The Age of Information is Here!

At the end of the last century, Robert Kiyosaki, author of the Rich Dad Poor Dad book series and cash-flow games, declared that the Age of Manufacturing is dead; we are now in the Age of Information. Recently he was interviewed in a video, “Industrial Age vs. Information Age” posted on the Web.

Looking at the emphasis in the media about job creation in the manufacturing sector, you’d never know it was the Age of Information. And looking at the US government, you’d never even dream it was the Age of Information.

If you were asked if the we have a Bureau of Information in the US, you’d probably think about it and say, well, isn’t that what Homeland Security is about?
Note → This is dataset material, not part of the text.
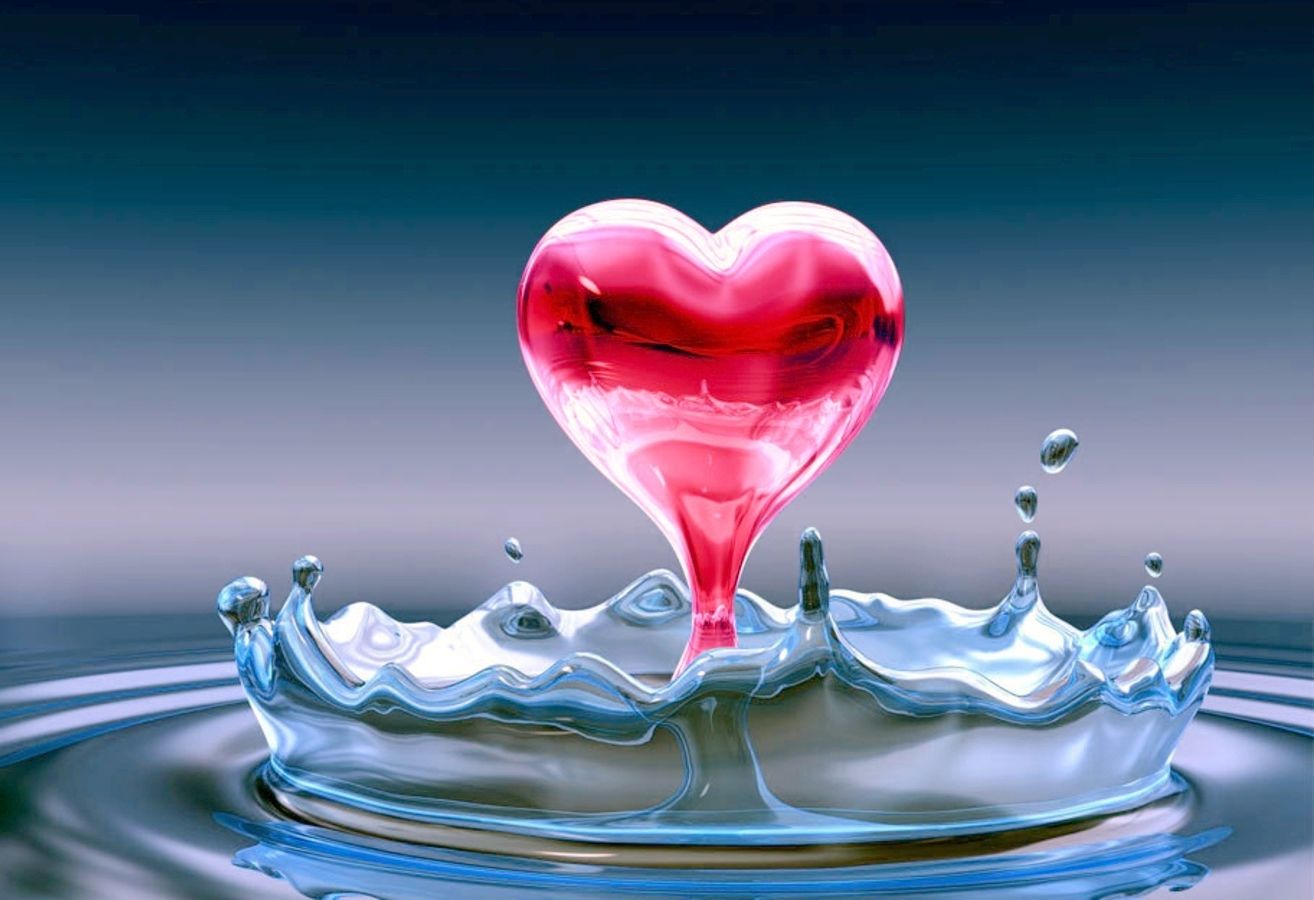 휴대폰 월페이퍼,물,사랑,심장,액체,발렌타인 데이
Its budget has risen dramatically since its inception ten years ago. But this secret data collection on behalf of our national security is not the kind of information I’m talking about.
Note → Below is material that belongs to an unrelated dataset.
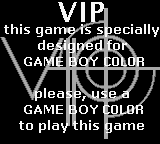 Game Boy Error Message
There are other kinds of information that are desperately needed by both the government and the public. Government and public Information is not a luxury. We need other databases for issues that are just as important to our economic welfare and survival as those national security databases we spend so much money on.

A database to curb fraud


For example, at the same time September 11th happened, so did the biggest health insurance scam ever. Employers Mutual scammed patients and doctors in every state of the union. At the pharmacy, HIV and cancer patients were denied expensive prescription drugs they had paid premiums for. Others were denied operations; at least one lost partial sight as a result.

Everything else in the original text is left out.